- _What the task asks_:
Skip all pictures. Set down only the lines starting at the line containing "Bernedoodle met een mok iPhone 11 pro hoesje" and running to the end of the listing.

- _Data extract_:

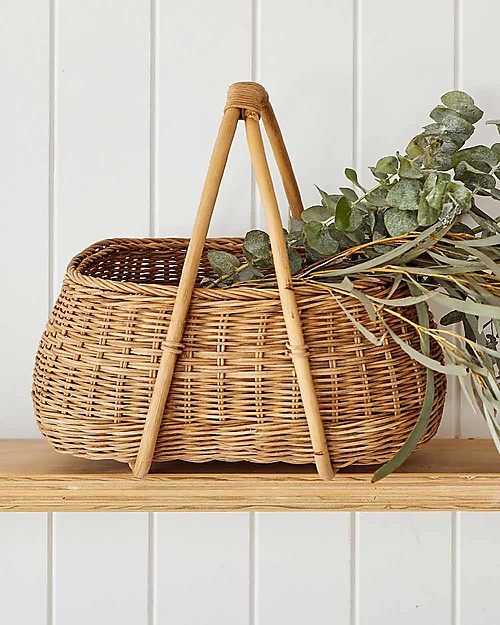 Olli Ella Rattan Basket - Mosey - Handmade! Wicker Basket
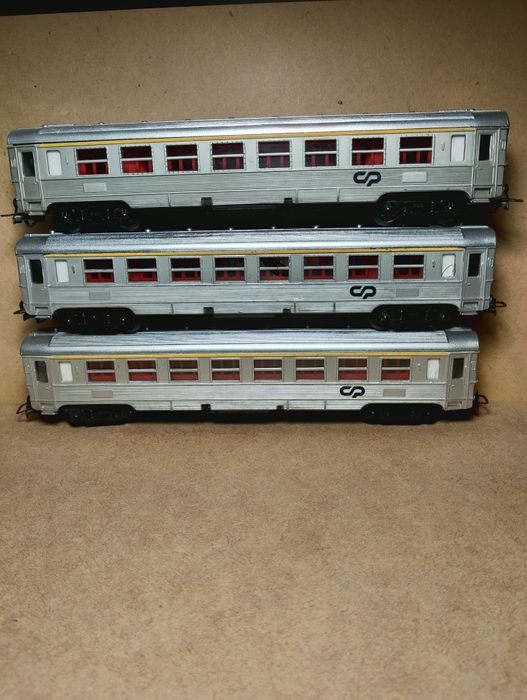 Conjunto de carruagens passageiros, H0 1/87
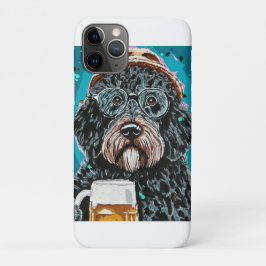 Bernedoodle met een mok iPhone 11 pro hoesje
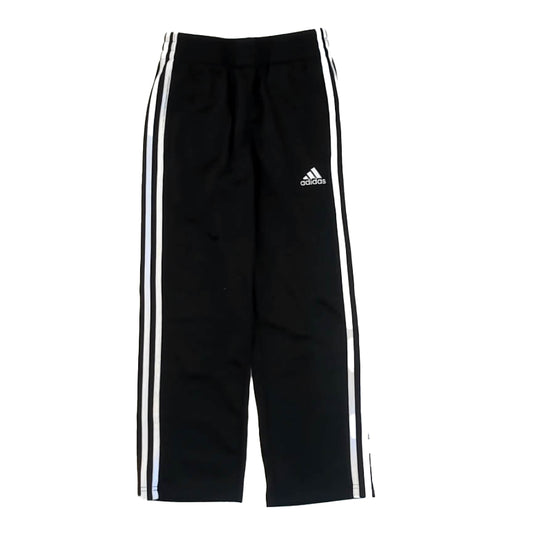 Adidas Boys Black Athletic Pants Size: 8 Years Black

- _Answer to the exercise_:
 Bernedoodle met een mok iPhone 11 pro hoesje
 Adidas Boys Black Athletic Pants Size: 8 Years Black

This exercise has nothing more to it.